D’où son fameux appel à l’enracinement doublé d’une ouverture.
D’ailleurs, il a été très critiqué par les panafricanistes qui lui reprochaient sa connivence avec le « toubab », sa modération de ton ou de sa trop grande ouverture interprétée comme une « assimilation » extrême de la culture occidentale. Dans son « Dictionnaire critique de la négritude », l’auteur camerounais, Mongo Béti, ne l’a pas raté pour les raisons qu’on vient d’évoquer. Les trois auteurs ou penseurs qui l’ont le plus influencé sont, d’abord, le philosophe français, Henry Bergson. Son ouvrage « Essai sur les données immédiates de la conscience » que Senghor appellera la « révolution de 1889 » (date de sa parution) aura une grande influence sur lui, de par la critique que fait Bergson de la conception de la conscience et du temps chez Descartes. Ensuite, il y a l’anthropologue allemand, Léon Frobenius dont la distinction capitale entre « esprit intuitif » (nègre) et « esprit discursif » (cartésien) le mènera dangereusement (on l’a vu) vers les pentes savonneuses de l’essentialisme du mode de penser.

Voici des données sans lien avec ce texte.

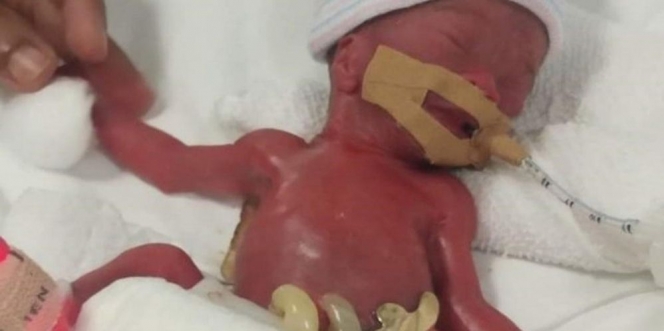 Lahir Prematur dengan Berat 212 Gram, Bayi ini Jadi Teringan dan Termahal di Dunia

Enfin, l’auteur qui l’aura le plus influencé est sans conteste le Père Teilhard de Chardin. C’est lui qui lui a inspiré son fameux philosophème « civilisation de l’Universel ». Pour ce dernier aspect, l’ancien Président sénégalais voulait parler des différentes cultures humaines jetées malgré eux dans les tourbillons d’une communauté politique universelle qui est un jalon vers la réalisation d’une société « panhumaine » (Teilhard). Ce lieu de jonction est la convergence parfaite de la théorie de l’évolution, du christianisme et de la philosophie moniste. Par la convocation de deux conceptions du monde apparemment irréconciliables (le darwinisme et le christianisme) dans « Le phénomène humain » (1956), Teilhard allait être excommunié par l’Eglise en 1962.

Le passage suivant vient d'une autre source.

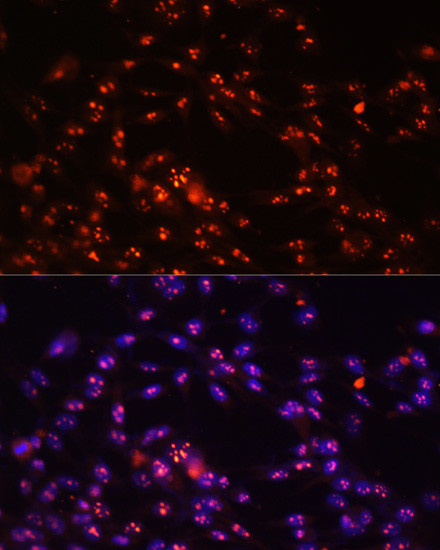 DKC1 Antibody in Immunocytochemistry (ICC/IF)
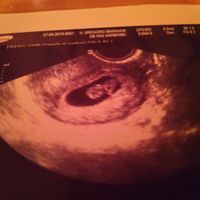 Ayuda con método ramzi: niño o niña? - 1
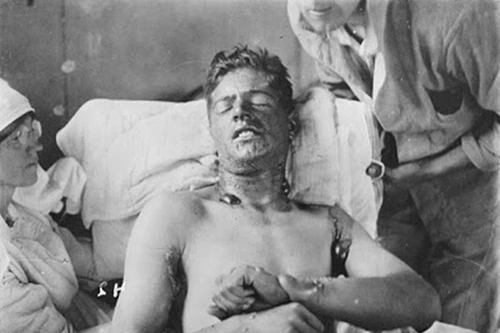 5 loại vũ khí hóa học cực độc bị cấm sử dụng trong chiến tranh 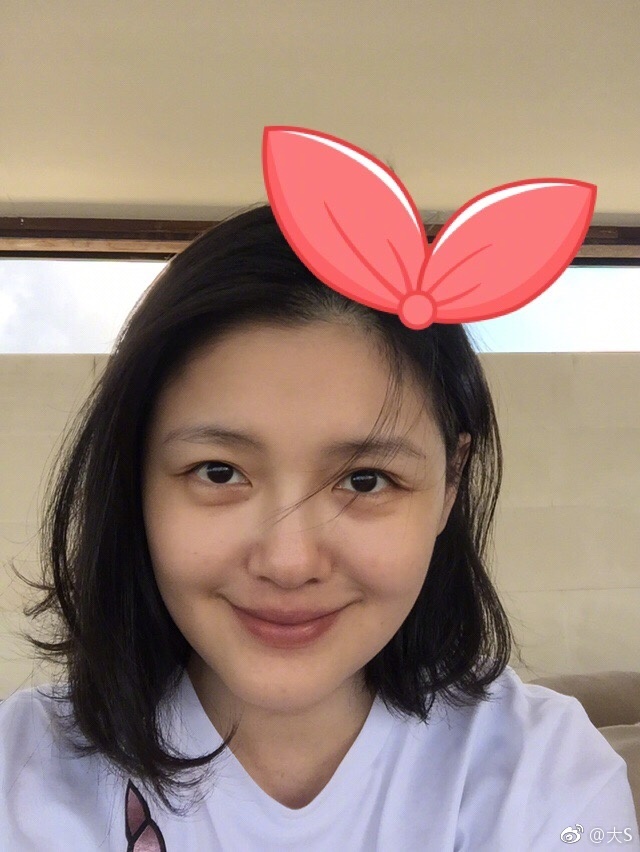 tu hy vien beo den hip mat hay do di chung cua phau thuat tham my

C’est peut-être assez schématique, mais Cheikh Anta semble accentuer ses critiques vers l’écriture biaisée de l’histoire des colonisés par l’Occident, comme pour dire : « Nous avons été », et propose le fédéralisme culturel et politique de l’Afrique pour retrouver cet Eden perdu. Senghor, en réaliste qu’il est, semble dire : « Nous sommes encore (dans l’Histoire), mais avons un mode de penser différent des autres (l’Occident) ». On a vu ce que Sarkozy en a fait dans son « Discours de Dakar » en juillet 2007.
Nous avons là un des aspects divergents de leur corpus philosophique. II nous faut maintenant fructifier cette œuvre et voir comment lier nos préoccupations aux leurs. Lire nos difficultés de développement et nos déficits de civisme ou de patriotisme à travers les orientations conceptuelles des différents auteurs de leur génération. Ce qui fera l’objet d’une publication à paraitre en 2017 qui va constituer le tome 2 de notre thèse de philosophie politique sur le racisme biologique et institutionnel soutenue à la Sorbonne. Outre leur œuvre respective déjà consultée, certains de leurs proches sont approchés. Le travail de terrain et de collection de données se poursuivra pour enrichir nos recherches.
Enfin, il faut noter l’apport et le soutien décisif de Gaindé Fatma (papa de feu Serigne Mbacké Sokhna Lô), aux adversaires de Senghor, pendant les moments difficiles. On veut parler des opposants qu’étaient Cheikh Anta Diop et Abdoulaye Wade, entre autres.
D’où l’idée agitée par certains acteurs de la société civile de commémorer l’œuvre de ce grand homme et érudit, qui aura beaucoup encouragé et financé des opposants (au temps des dictatures) et la formation de cadres sénégalais, et au-delà, africains.